EN BÜYÜK SORUNUMUZ, HAKKINA RAZI OLMAMAK!

Merhaba,

 

Fıtratımız ve şartlarımız gereği başkalarıyla hatta başka varlıklarla bir arada yaşamak zorundayız. Kendisini diğer insanlardan ve varlıklardan tamamen izole etmiş kişiler vardır belki. Ama bunların sayısı yok denecek kadar azdır.

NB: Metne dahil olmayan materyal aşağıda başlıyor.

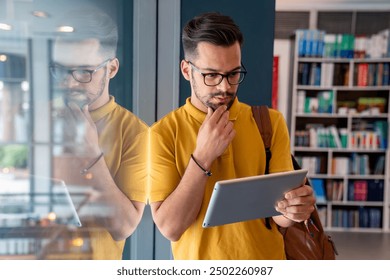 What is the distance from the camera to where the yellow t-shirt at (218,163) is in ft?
3.57

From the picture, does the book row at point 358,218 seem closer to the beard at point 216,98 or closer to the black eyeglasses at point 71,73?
the beard at point 216,98

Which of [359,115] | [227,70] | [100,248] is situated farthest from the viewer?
[359,115]

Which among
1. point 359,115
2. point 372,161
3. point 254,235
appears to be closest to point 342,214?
point 372,161

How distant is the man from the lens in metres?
1.07

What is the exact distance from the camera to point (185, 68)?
1109 mm

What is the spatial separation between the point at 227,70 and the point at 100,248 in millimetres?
694

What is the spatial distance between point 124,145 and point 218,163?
0.30 metres

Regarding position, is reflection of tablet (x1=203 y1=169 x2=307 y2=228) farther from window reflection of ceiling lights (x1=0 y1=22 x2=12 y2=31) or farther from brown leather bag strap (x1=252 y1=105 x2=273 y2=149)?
window reflection of ceiling lights (x1=0 y1=22 x2=12 y2=31)

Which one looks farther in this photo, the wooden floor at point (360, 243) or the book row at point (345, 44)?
the book row at point (345, 44)

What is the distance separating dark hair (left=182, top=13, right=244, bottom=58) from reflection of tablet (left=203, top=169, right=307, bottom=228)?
40cm

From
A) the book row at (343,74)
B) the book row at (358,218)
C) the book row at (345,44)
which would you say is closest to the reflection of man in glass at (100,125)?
the book row at (345,44)

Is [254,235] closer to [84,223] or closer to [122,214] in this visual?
[122,214]

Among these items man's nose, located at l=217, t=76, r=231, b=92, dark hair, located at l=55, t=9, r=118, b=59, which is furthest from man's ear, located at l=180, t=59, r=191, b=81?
dark hair, located at l=55, t=9, r=118, b=59

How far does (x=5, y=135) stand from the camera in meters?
1.12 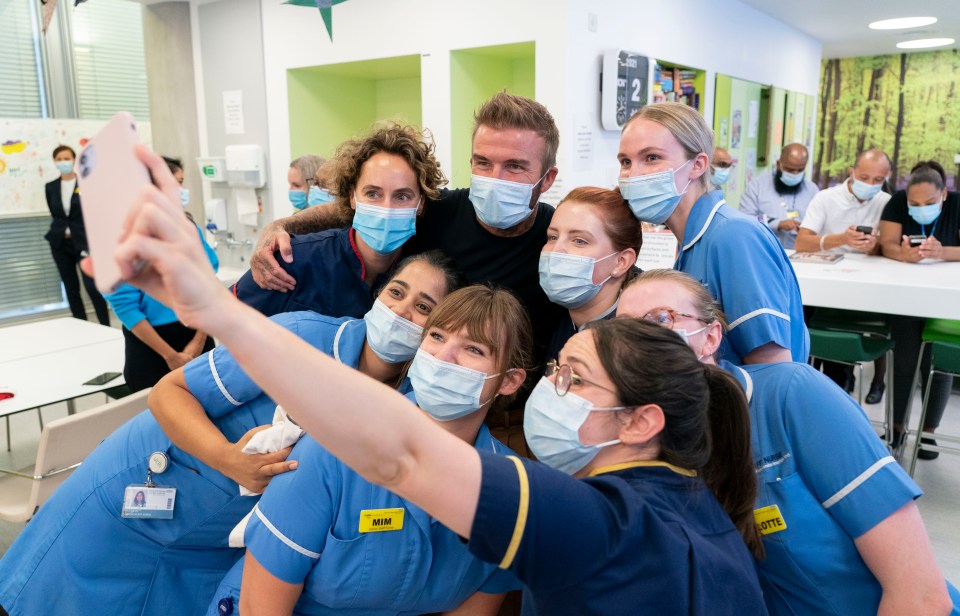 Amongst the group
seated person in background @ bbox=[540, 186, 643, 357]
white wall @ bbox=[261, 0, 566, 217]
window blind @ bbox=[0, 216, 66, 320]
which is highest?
white wall @ bbox=[261, 0, 566, 217]

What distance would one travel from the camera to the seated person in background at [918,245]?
4.09 meters

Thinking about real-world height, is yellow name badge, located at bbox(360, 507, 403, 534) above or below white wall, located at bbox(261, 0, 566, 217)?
below

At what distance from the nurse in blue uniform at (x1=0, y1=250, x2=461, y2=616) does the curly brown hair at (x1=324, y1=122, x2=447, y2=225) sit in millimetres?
431

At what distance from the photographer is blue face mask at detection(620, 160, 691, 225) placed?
192 cm

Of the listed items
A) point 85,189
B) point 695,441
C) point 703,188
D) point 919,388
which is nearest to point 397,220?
point 703,188

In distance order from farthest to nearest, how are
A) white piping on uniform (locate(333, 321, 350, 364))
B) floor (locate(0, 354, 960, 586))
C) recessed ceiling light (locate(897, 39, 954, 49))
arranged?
recessed ceiling light (locate(897, 39, 954, 49))
floor (locate(0, 354, 960, 586))
white piping on uniform (locate(333, 321, 350, 364))

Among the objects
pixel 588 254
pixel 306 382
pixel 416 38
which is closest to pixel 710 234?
pixel 588 254

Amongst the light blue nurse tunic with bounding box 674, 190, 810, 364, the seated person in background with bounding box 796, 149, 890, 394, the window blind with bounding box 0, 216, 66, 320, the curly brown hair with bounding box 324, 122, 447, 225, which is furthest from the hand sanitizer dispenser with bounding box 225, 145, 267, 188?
the light blue nurse tunic with bounding box 674, 190, 810, 364

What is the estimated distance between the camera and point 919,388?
5.02 m

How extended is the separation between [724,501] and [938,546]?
2.71 metres

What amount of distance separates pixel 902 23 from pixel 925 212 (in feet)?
14.7

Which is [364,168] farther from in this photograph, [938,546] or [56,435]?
[938,546]

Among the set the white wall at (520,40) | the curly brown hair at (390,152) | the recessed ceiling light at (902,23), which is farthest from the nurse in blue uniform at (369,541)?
the recessed ceiling light at (902,23)

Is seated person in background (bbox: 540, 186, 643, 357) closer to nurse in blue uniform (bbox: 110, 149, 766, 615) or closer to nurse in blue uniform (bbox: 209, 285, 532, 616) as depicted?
nurse in blue uniform (bbox: 209, 285, 532, 616) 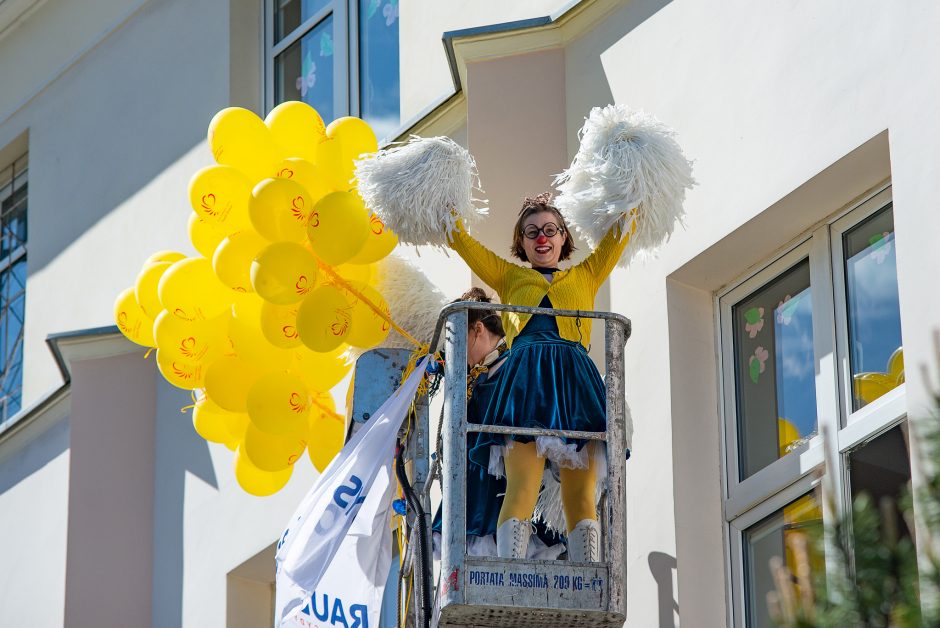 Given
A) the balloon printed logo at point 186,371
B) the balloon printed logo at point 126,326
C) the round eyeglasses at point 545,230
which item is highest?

Ya da onlar, yazdıklarımı üzerlerine alınmasınlar.

 

Bundan 50 sene önce yaşam daha çok kırsal bölgelerde idi ve ona göre yaşantımız vardı. Özellikle 1970 ve 1980’li yıllarda şehirlere yaşanan yoğun göçle birlikte daha fazla insanla haşır neşir olduğumuzdan görgü ve nezaket kuralları hayli önem kazandı. Buna uyanların varlığına sevinirken uymayanların tavırlarına da son derece üzülüyoruz…

 

Belki iletişim olanaklarının artmasındandır ama her gün habere dönüşmüş magandalığın bir sürü örneğini görüyoruz. Ama ne örnekler… Bu maganda modellere ders anlatsan, nasihat etsen ne fayda! Eskiler, ‘sokma akıl fayda etmez’ derlermiş. Gerçekten de böylelerine hiçbir şey anlatamazsınız. Özellikle büyükşehirlerde kimse bu tiplerle yüz göz olmak istemiyor, yaptıkları da haliyle yanlarına kalıyor.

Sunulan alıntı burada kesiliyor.